__Your instructions__
What is wanted is every record, duplicated word for word.

[Records provided — start]

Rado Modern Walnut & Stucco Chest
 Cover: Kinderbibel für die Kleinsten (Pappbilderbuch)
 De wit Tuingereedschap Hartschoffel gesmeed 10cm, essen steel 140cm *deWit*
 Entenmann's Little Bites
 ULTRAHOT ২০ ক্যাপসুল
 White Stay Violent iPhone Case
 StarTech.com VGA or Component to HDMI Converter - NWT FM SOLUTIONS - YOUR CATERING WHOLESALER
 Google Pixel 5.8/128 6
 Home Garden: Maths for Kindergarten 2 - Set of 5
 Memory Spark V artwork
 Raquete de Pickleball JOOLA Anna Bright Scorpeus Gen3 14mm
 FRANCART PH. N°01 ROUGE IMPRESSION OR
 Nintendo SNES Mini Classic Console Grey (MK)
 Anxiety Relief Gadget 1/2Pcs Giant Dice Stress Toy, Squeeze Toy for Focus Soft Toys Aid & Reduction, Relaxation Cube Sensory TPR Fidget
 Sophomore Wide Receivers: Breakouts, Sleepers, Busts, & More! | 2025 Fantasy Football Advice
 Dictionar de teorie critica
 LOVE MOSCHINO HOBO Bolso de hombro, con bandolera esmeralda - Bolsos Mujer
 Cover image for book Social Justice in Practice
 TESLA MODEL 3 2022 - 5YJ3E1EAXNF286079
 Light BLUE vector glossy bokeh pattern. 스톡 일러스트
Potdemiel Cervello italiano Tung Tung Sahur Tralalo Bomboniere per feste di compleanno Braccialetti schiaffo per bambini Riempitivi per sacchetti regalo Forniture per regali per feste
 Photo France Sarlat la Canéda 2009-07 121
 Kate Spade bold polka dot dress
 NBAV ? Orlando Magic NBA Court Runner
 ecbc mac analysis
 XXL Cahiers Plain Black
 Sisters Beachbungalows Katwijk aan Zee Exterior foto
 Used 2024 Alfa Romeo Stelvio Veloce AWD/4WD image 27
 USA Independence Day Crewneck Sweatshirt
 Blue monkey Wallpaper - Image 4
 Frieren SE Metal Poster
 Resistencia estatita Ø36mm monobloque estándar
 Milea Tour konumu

[Records provided — finish]

__Response for this exercise__
Rado Modern Walnut & Stucco Chest
 Cover: Kinderbibel für die Kleinsten (Pappbilderbuch)
 De wit Tuingereedschap Hartschoffel gesmeed 10cm, essen steel 140cm *deWit*
 Entenmann's Little Bites
 ULTRAHOT ২০ ক্যাপসুল
 White Stay Violent iPhone Case
 StarTech.com VGA or Component to HDMI Converter - NWT FM SOLUTIONS - YOUR CATERING WHOLESALER
 Google Pixel 5.8/128 6
 Home Garden: Maths for Kindergarten 2 - Set of 5
 Memory Spark V artwork
 Raquete de Pickleball JOOLA Anna Bright Scorpeus Gen3 14mm
 FRANCART PH. N°01 ROUGE IMPRESSION OR
 Nintendo SNES Mini Classic Console Grey (MK)
 Anxiety Relief Gadget 1/2Pcs Giant Dice Stress Toy, Squeeze Toy for Focus Soft Toys Aid & Reduction, Relaxation Cube Sensory TPR Fidget
 Sophomore Wide Receivers: Breakouts, Sleepers, Busts, & More! | 2025 Fantasy Football Advice
 Dictionar de teorie critica
 LOVE MOSCHINO HOBO Bolso de hombro, con bandolera esmeralda - Bolsos Mujer
 Cover image for book Social Justice in Practice
 TESLA MODEL 3 2022 - 5YJ3E1EAXNF286079
 Light BLUE vector glossy bokeh pattern. 스톡 일러스트
Potdemiel Cervello italiano Tung Tung Sahur Tralalo Bomboniere per feste di compleanno Braccialetti schiaffo per bambini Riempitivi per sacchetti regalo Forniture per regali per feste
 Photo France Sarlat la Canéda 2009-07 121
 Kate Spade bold polka dot dress
 NBAV ? Orlando Magic NBA Court Runner
 ecbc mac analysis
 XXL Cahiers Plain Black
 Sisters Beachbungalows Katwijk aan Zee Exterior foto
 Used 2024 Alfa Romeo Stelvio Veloce AWD/4WD image 27
 USA Independence Day Crewneck Sweatshirt
 Blue monkey Wallpaper - Image 4
 Frieren SE Metal Poster
 Resistencia estatita Ø36mm monobloque estándar
 Milea Tour konumu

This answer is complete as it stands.